YOUR ASSIGNMENT –
Exactly the lines from the line that has "Планировка: Юнион Студия 30,70м²" through the final line below are to be retyped, and the pictures are not.

☆ ☆ ☆ ☆ ☆ ☆ ☆

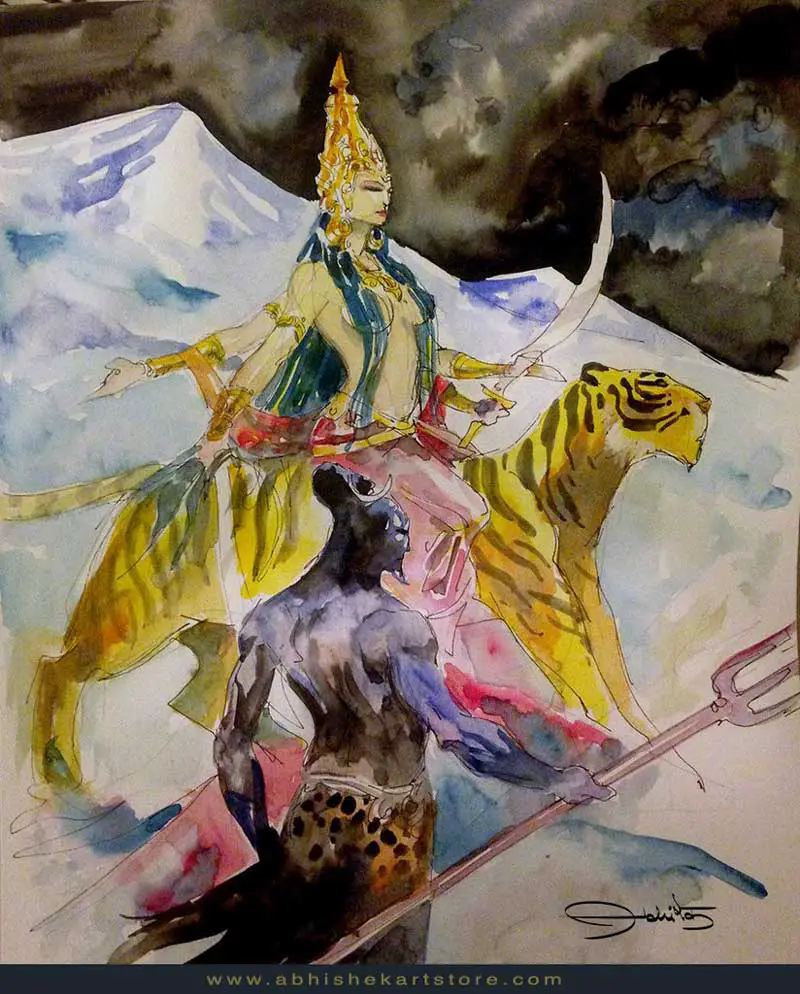 Durga Ratri pintura de Abhishek Singh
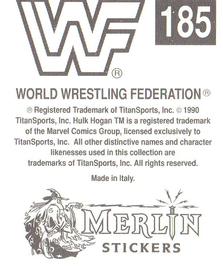 1990 Merlin WWF Superstars Stickers #185 Virgil Logo Back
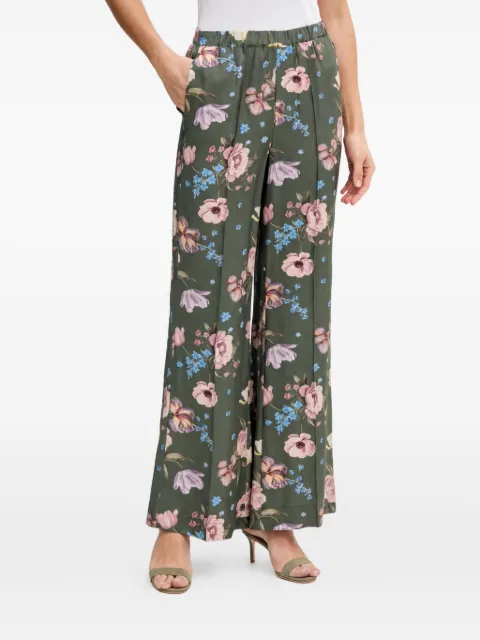 OUI floral-print trousers Green 96575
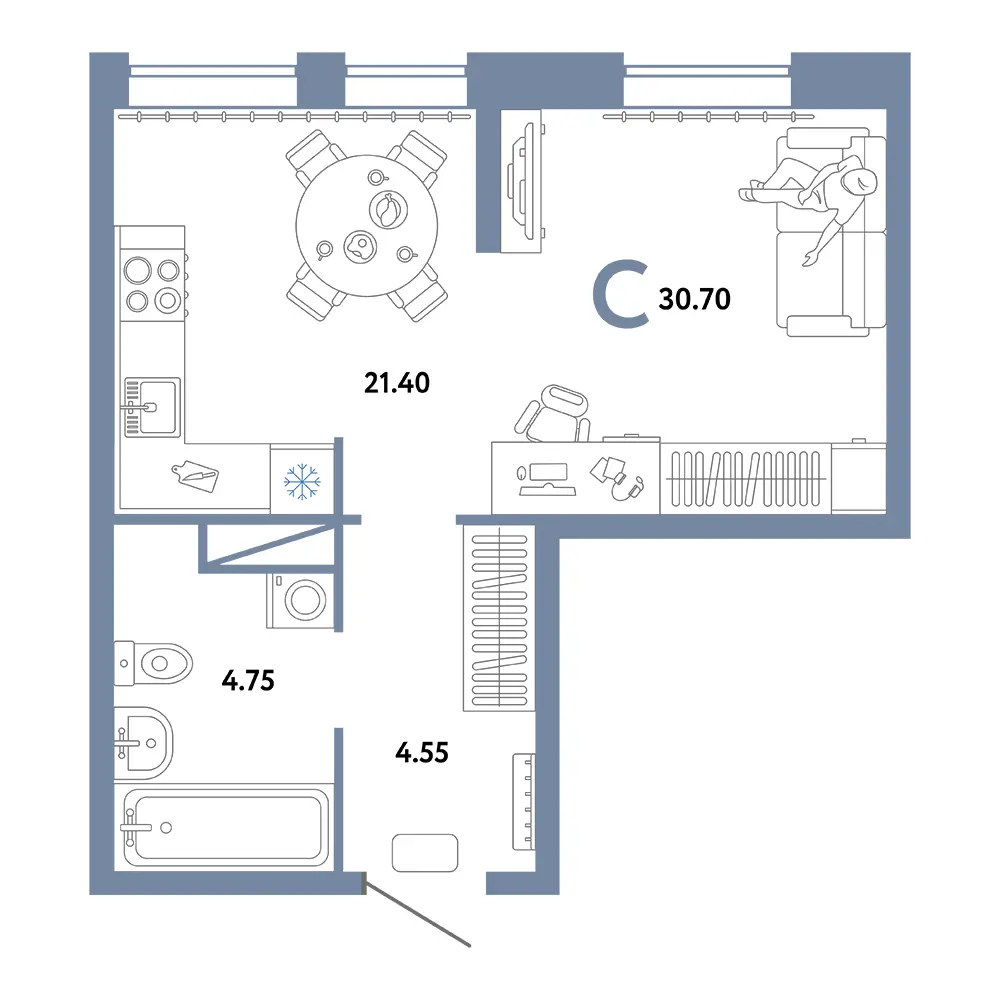 Планировка: Юнион Студия 30,70м²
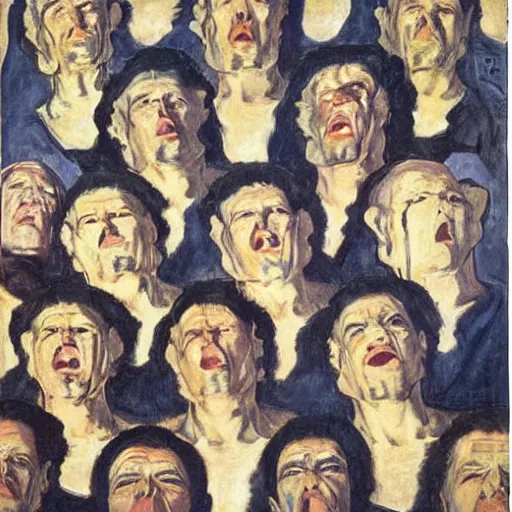 Image similar to faces of anxiet, xanax, painted by ferdinand hodler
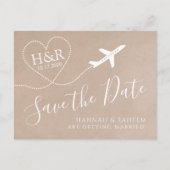 飛行機モノグラムクラフト目的地の結婚式の日付 案内ポストカード (正面)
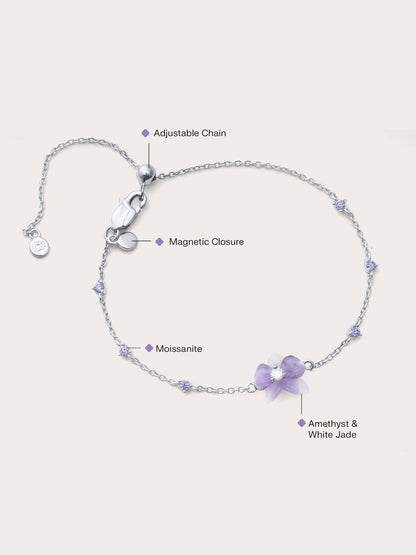 Purple Orchid Bracelet Amethyst S925 Silver Rhodium (2) – Mondays Made Flower & Birthstone Jewelry Singapore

☆ ☆ ☆ ☆ ☆ ☆ ☆

OUTPUT FOR THIS TASK –
 Планировка: Юнион Студия 30,70м²
 Image similar to faces of anxiet, xanax, painted by ferdinand hodler
 飛行機モノグラムクラフト目的地の結婚式の日付 案内ポストカード (正面)
 Purple Orchid Bracelet Amethyst S925 Silver Rhodium (2) – Mondays Made Flower & Birthstone Jewelry Singapore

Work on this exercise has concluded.